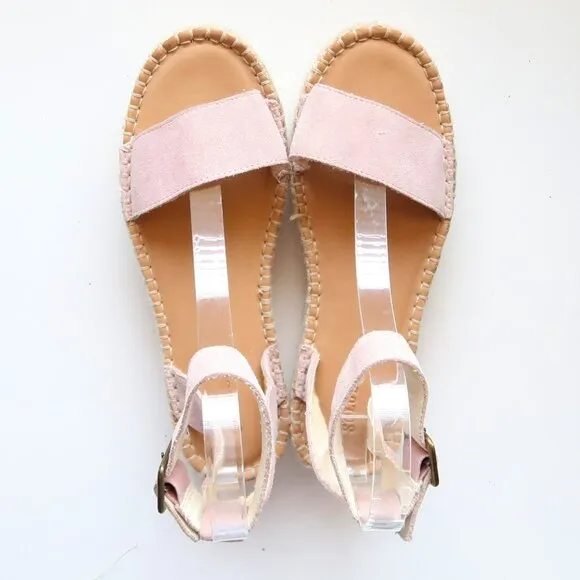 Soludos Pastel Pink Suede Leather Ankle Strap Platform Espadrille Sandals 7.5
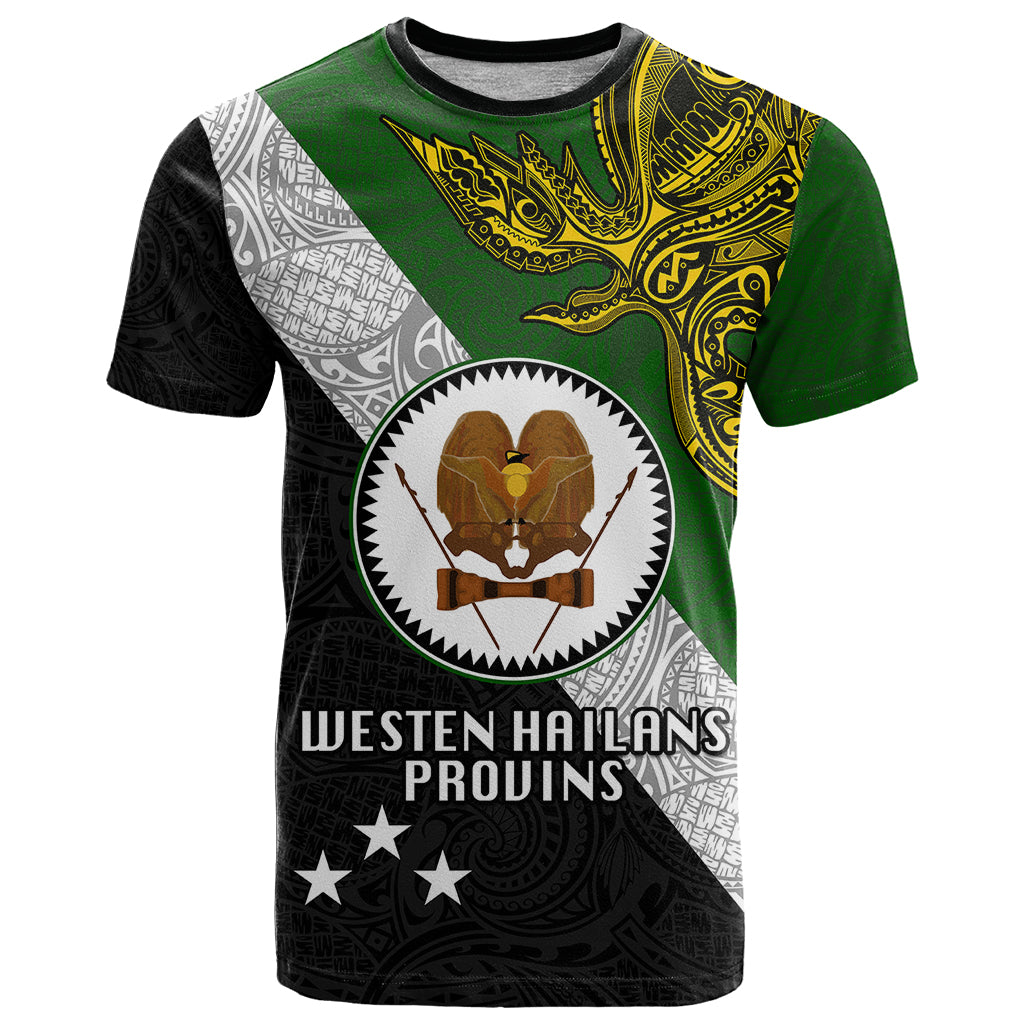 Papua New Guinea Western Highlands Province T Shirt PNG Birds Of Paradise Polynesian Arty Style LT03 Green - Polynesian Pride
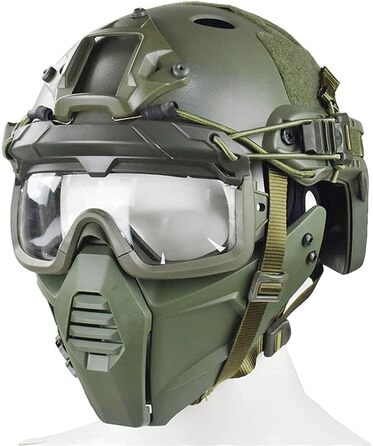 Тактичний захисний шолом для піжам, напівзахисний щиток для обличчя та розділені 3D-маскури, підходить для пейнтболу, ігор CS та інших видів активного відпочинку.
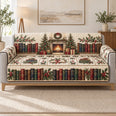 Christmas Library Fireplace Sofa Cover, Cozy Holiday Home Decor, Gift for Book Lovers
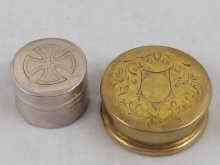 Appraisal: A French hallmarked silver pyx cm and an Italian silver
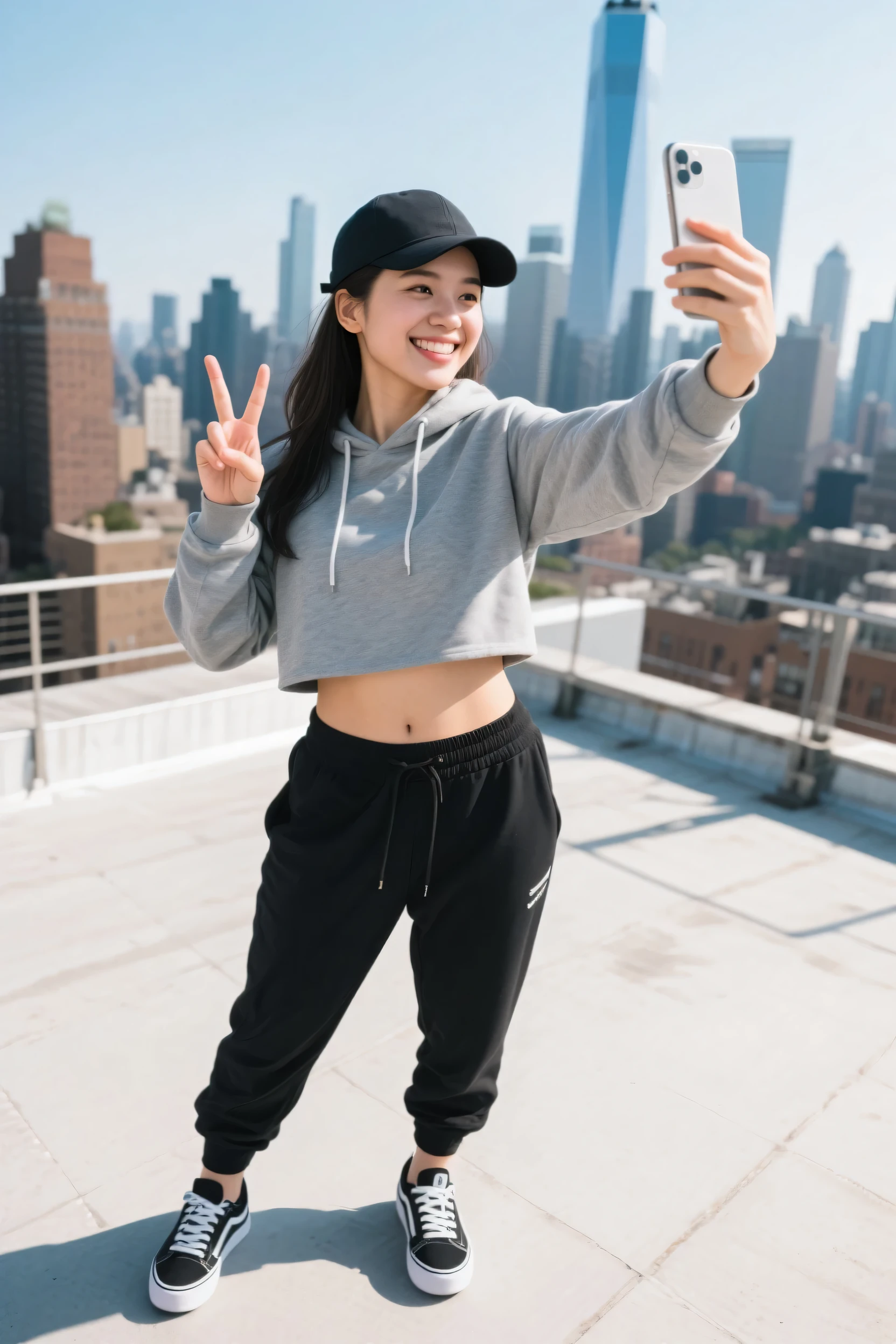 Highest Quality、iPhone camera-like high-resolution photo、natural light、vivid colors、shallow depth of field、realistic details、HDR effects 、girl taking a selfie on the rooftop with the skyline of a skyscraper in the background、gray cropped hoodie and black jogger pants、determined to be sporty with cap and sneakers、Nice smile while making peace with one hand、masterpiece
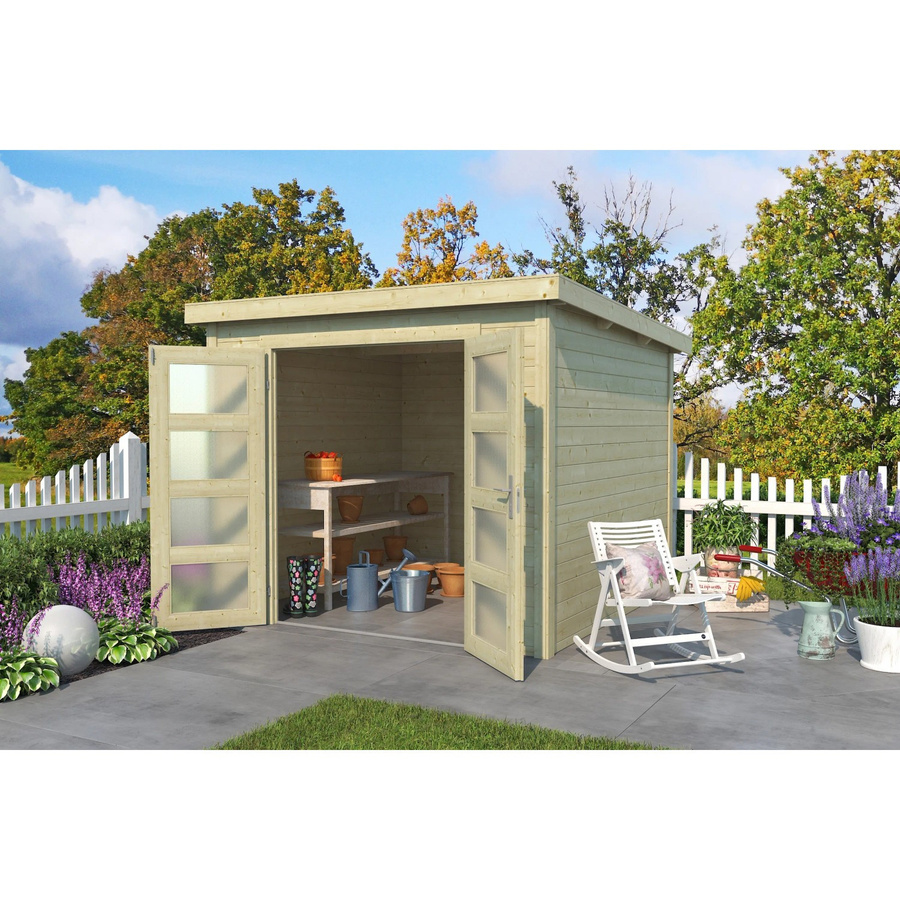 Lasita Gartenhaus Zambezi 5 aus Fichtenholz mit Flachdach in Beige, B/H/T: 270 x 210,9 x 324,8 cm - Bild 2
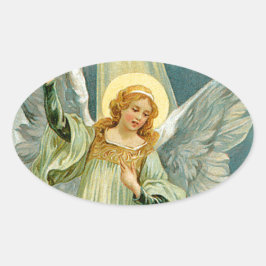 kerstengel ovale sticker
• • • • •
ASSIGNMENT: Leaving the pictures aside, transcribe exactly the lines from the one containing "Highest Quality、iPhone camera-like" to the final line of the entries above, both ends included.

TASK OUTPUT:
 Highest Quality、iPhone camera-like high-resolution photo、natural light、vivid colors、shallow depth of field、realistic details、HDR effects 、girl taking a selfie on the rooftop with the skyline of a skyscraper in the background、gray cropped hoodie and black jogger pants、determined to be sporty with cap and sneakers、Nice smile while making peace with one hand、masterpiece
 Lasita Gartenhaus Zambezi 5 aus Fichtenholz mit Flachdach in Beige, B/H/T: 270 x 210,9 x 324,8 cm - Bild 2
 kerstengel ovale sticker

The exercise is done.